LISTED RECORDS
-=-=-=-=-

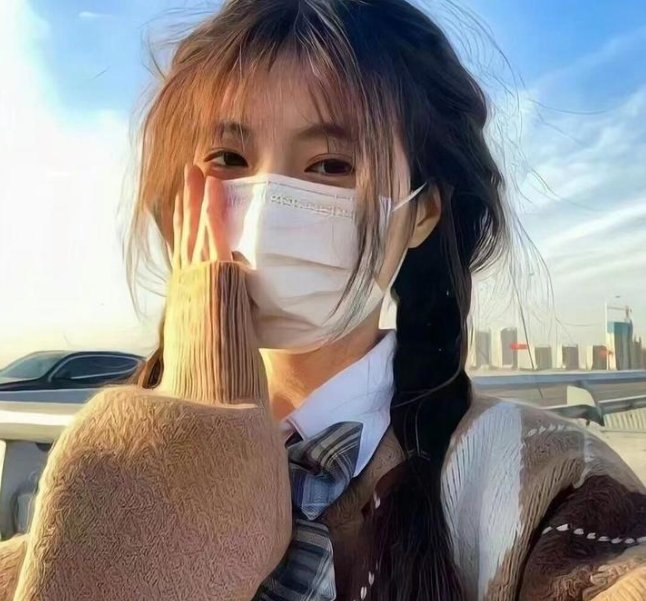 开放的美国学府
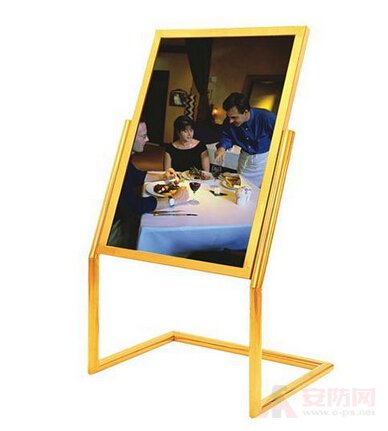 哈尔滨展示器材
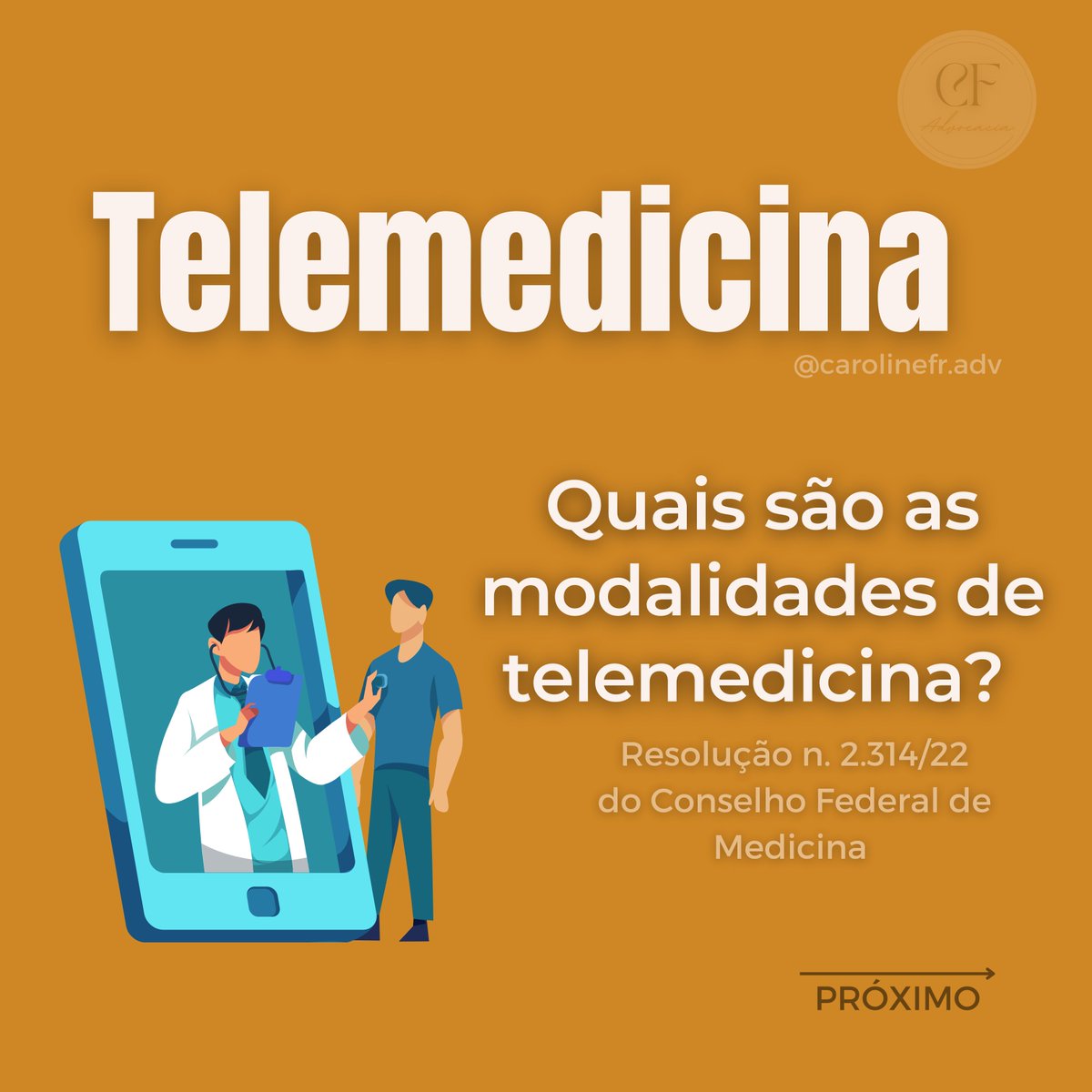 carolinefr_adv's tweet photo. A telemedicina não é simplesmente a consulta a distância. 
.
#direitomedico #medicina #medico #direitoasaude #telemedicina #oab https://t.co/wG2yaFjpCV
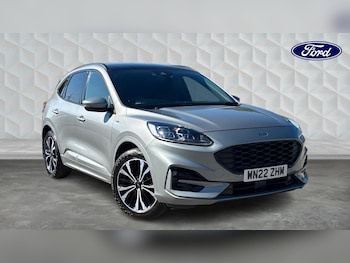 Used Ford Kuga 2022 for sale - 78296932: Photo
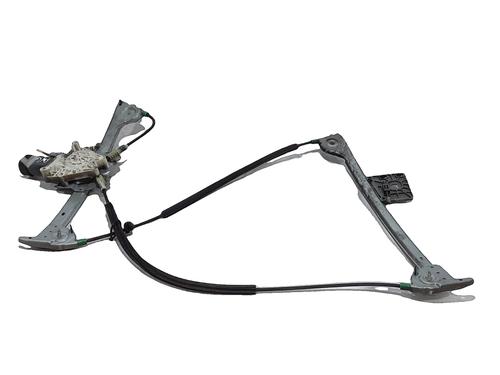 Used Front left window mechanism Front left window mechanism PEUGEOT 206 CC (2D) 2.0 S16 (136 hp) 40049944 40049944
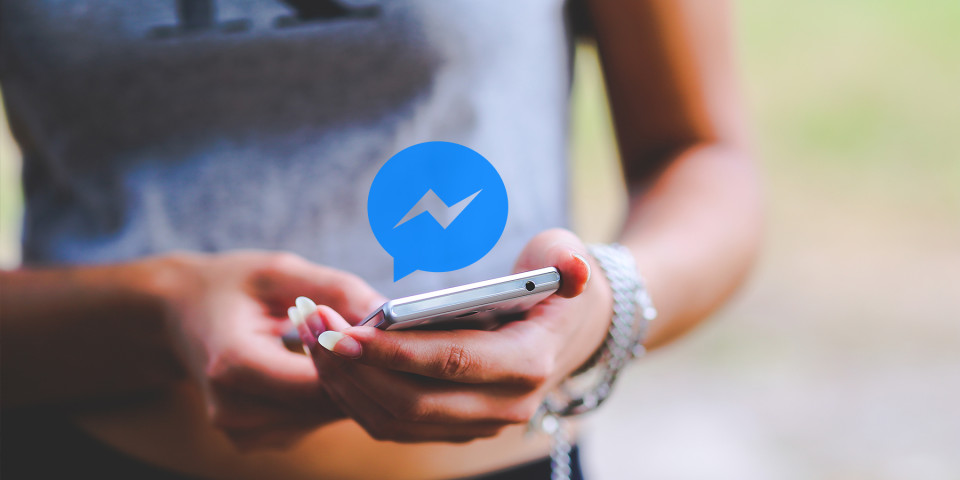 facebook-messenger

-=-=-=-=-

WORK REQUIRED
Each line of the data above is to be output exactly; the pictures are not to appear.

ANSWER TO THE EXERCISE
 开放的美国学府
 哈尔滨展示器材
 carolinefr_adv's tweet photo. A telemedicina não é simplesmente a consulta a distância. 
.
#direitomedico #medicina #medico #direitoasaude #telemedicina #oab https://t.co/wG2yaFjpCV
 Used Ford Kuga 2022 for sale - 78296932: Photo
 Used Front left window mechanism Front left window mechanism PEUGEOT 206 CC (2D) 2.0 S16 (136 hp) 40049944 40049944
 facebook-messenger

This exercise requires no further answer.